Personal information
- Nationality: British (English)
- Born: 4 December 1996 (age 29)
- Height: 172 cm (5 ft 8 in)

Sport
- Sport: Athletics
- Event: Hurdles

Achievements and titles
- Personal best(s): 60m hurdles: 8.14 (Århus, 2024) 100m hurdles: 13.12 (Geneva, 2022)

= Jessica Hunter =

British athlete (born 1996)

Jessica Hunter (born 4 December 1996) is a British hurdler. She has won multiple medals at British Athletics Championships in the 60 metres hurdles and 100 metres hurdles.

==Early life==
She attended St Bernard’s Catholic School in High Wycombe, and running for Buckinghamshire, became English schools champion in the 100 metres hurdles. She was brought up in the care system and received funding from Sport England in 2016. She studied sports therapy at the University of Bedfordshire.

==Career==
Hunter initially competed as a multi-eventer before focusing on the 100m hurdles. She has run as a member of the Vale of Aylesbury Athletic Club. A two-time British Universities (BUCS) champion, Hunter competed at the 2019 Summer Universiade in Naples, reaching the semi-finals.

In June 2022, Hunter finished as runner-up at the 2022 British Athletics Championships in Manchester. Hunter made her senior international debut at the European Athletics Championships in Munich in August 2022. She reached the semi-finals in the 100m Hurdles after winning her qualifying heat.

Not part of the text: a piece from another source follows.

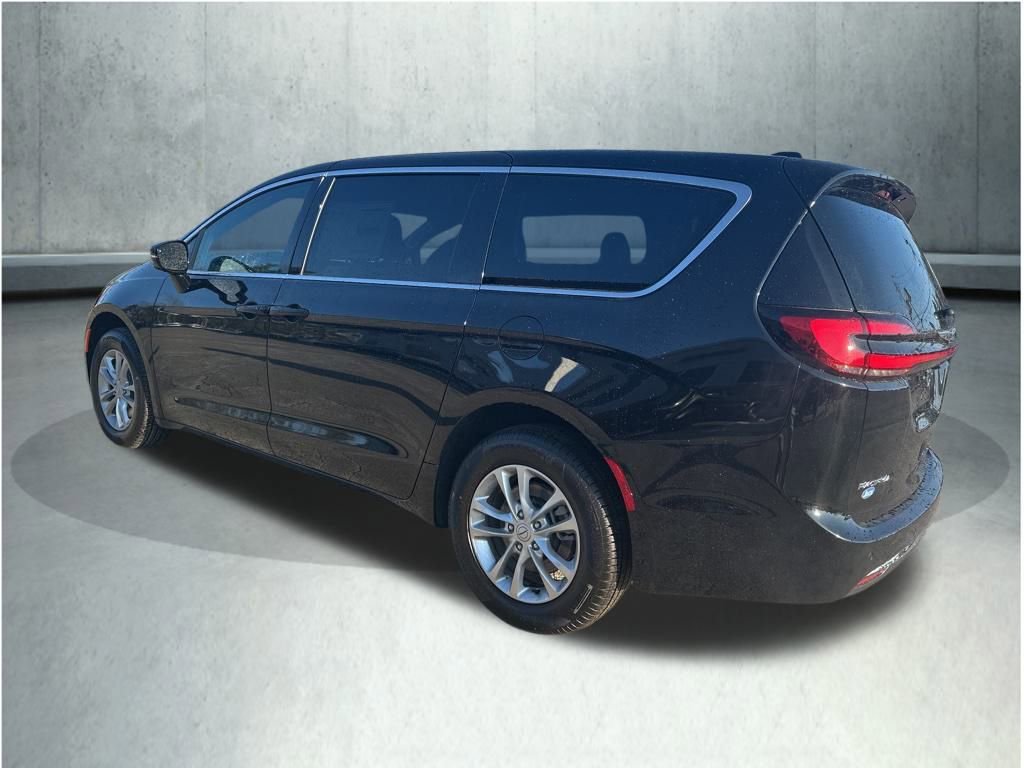 New 2026 Chrysler Pacifica Select image 5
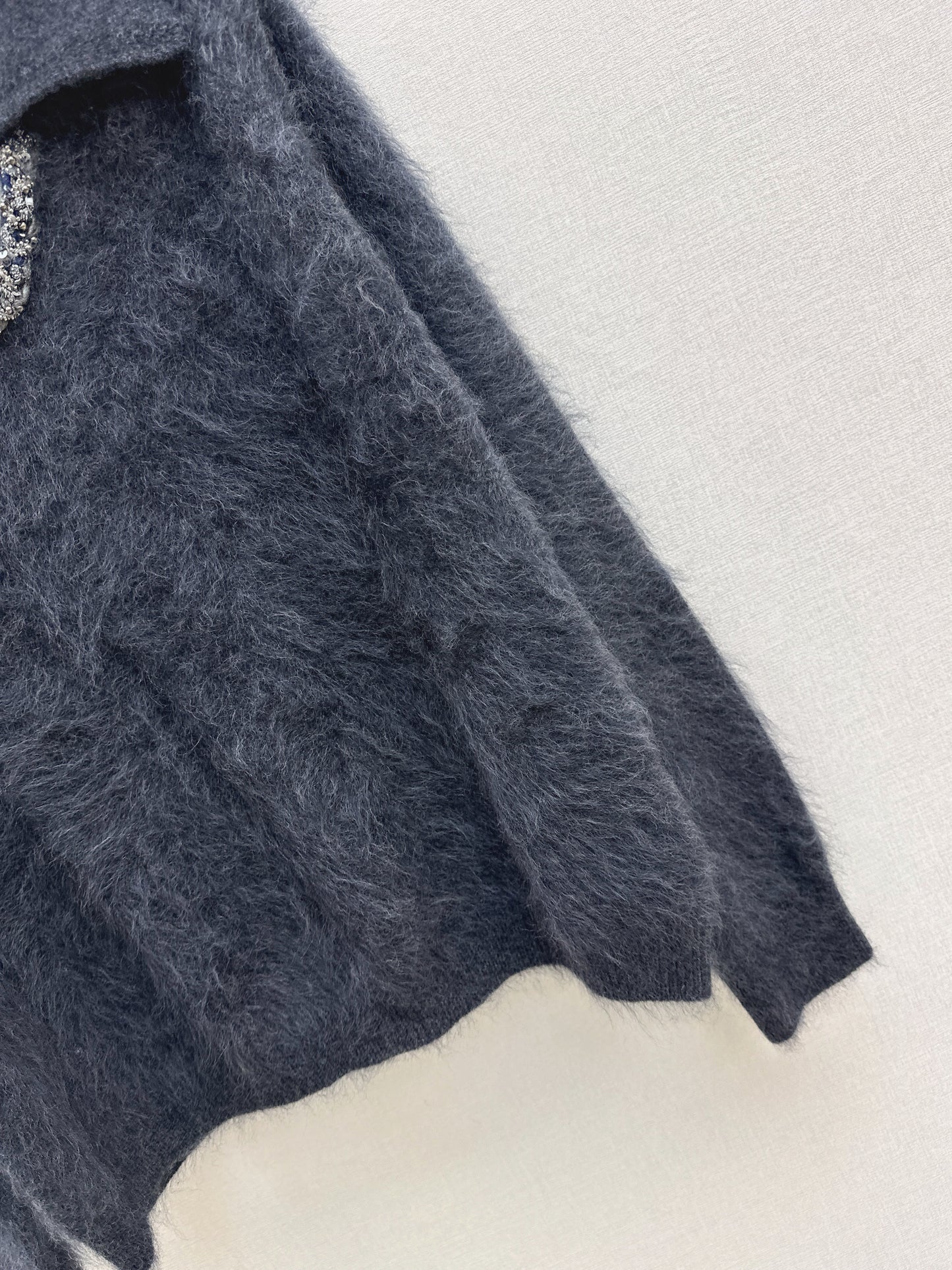 Sparkling woven decorative V-neck sweater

In January 2024, she set a new 60m hurdles personal best of 8.14 seconds in Aarhus. On 17 February 2024, she qualified for the final at the 2024 British Indoor Athletics Championships in the 60 metres hurdles, finishing third overall in Birmingham.

She ran a time of 13.19 seconds to qualify second-fastest for the final of the 100m hurdles at the 2024 British Athletics Championships in Manchester on 29 June 2024. She placed third in the final.

She finished fourth in the 60 metre hurdles at the 2025 British Indoor Athletics Championships in Birmingham, running a time of 8.29 seconds.